• [Source data]
____
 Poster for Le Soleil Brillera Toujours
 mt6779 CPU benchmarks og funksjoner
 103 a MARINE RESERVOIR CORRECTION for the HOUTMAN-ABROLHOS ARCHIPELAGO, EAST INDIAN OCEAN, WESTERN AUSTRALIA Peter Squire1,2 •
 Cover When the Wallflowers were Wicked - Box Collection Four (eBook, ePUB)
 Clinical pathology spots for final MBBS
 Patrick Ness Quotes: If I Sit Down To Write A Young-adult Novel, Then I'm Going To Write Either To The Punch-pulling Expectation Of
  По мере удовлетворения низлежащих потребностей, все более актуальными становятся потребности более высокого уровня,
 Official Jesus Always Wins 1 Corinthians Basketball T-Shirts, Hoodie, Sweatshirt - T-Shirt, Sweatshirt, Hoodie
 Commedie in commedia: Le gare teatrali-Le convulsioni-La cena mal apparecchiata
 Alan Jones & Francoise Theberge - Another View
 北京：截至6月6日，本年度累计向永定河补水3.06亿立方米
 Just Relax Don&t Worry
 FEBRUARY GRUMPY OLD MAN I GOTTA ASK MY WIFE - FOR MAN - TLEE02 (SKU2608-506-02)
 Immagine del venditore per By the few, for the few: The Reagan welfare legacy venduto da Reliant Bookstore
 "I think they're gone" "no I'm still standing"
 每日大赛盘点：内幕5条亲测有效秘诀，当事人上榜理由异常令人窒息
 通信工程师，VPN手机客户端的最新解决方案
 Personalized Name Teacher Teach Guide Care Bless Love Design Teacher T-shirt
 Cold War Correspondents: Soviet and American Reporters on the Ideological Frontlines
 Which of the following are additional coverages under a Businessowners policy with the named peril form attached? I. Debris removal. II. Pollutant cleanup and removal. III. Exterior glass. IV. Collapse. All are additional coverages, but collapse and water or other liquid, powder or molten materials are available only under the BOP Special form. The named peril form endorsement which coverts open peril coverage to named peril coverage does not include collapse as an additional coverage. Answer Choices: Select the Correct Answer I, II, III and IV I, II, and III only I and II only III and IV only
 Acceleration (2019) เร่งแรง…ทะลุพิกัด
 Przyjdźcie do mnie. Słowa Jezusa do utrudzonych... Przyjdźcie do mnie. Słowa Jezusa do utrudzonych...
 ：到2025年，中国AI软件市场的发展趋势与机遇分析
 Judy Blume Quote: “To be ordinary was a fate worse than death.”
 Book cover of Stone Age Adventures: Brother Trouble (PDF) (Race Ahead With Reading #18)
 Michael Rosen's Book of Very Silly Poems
____
The whole of the material above should be given again exactly.

• [Reply]
 Poster for Le Soleil Brillera Toujours
 mt6779 CPU benchmarks og funksjoner
 103 a MARINE RESERVOIR CORRECTION for the HOUTMAN-ABROLHOS ARCHIPELAGO, EAST INDIAN OCEAN, WESTERN AUSTRALIA Peter Squire1,2 •
 Cover When the Wallflowers were Wicked - Box Collection Four (eBook, ePUB)
 Clinical pathology spots for final MBBS
 Patrick Ness Quotes: If I Sit Down To Write A Young-adult Novel, Then I'm Going To Write Either To The Punch-pulling Expectation Of
  По мере удовлетворения низлежащих потребностей, все более актуальными становятся потребности более высокого уровня,
 Official Jesus Always Wins 1 Corinthians Basketball T-Shirts, Hoodie, Sweatshirt - T-Shirt, Sweatshirt, Hoodie
 Commedie in commedia: Le gare teatrali-Le convulsioni-La cena mal apparecchiata
 Alan Jones & Francoise Theberge - Another View
 北京：截至6月6日，本年度累计向永定河补水3.06亿立方米
 Just Relax Don&t Worry
 FEBRUARY GRUMPY OLD MAN I GOTTA ASK MY WIFE - FOR MAN - TLEE02 (SKU2608-506-02)
 Immagine del venditore per By the few, for the few: The Reagan welfare legacy venduto da Reliant Bookstore
 "I think they're gone" "no I'm still standing"
 每日大赛盘点：内幕5条亲测有效秘诀，当事人上榜理由异常令人窒息
 通信工程师，VPN手机客户端的最新解决方案
 Personalized Name Teacher Teach Guide Care Bless Love Design Teacher T-shirt
 Cold War Correspondents: Soviet and American Reporters on the Ideological Frontlines
 Which of the following are additional coverages under a Businessowners policy with the named peril form attached? I. Debris removal. II. Pollutant cleanup and removal. III. Exterior glass. IV. Collapse. All are additional coverages, but collapse and water or other liquid, powder or molten materials are available only under the BOP Special form. The named peril form endorsement which coverts open peril coverage to named peril coverage does not include collapse as an additional coverage. Answer Choices: Select the Correct Answer I, II, III and IV I, II, and III only I and II only III and IV only
 Acceleration (2019) เร่งแรง…ทะลุพิกัด
 Przyjdźcie do mnie. Słowa Jezusa do utrudzonych... Przyjdźcie do mnie. Słowa Jezusa do utrudzonych...
 ：到2025年，中国AI软件市场的发展趋势与机遇分析
 Judy Blume Quote: “To be ordinary was a fate worse than death.”
 Book cover of Stone Age Adventures: Brother Trouble (PDF) (Race Ahead With Reading #18)
 Michael Rosen's Book of Very Silly Poems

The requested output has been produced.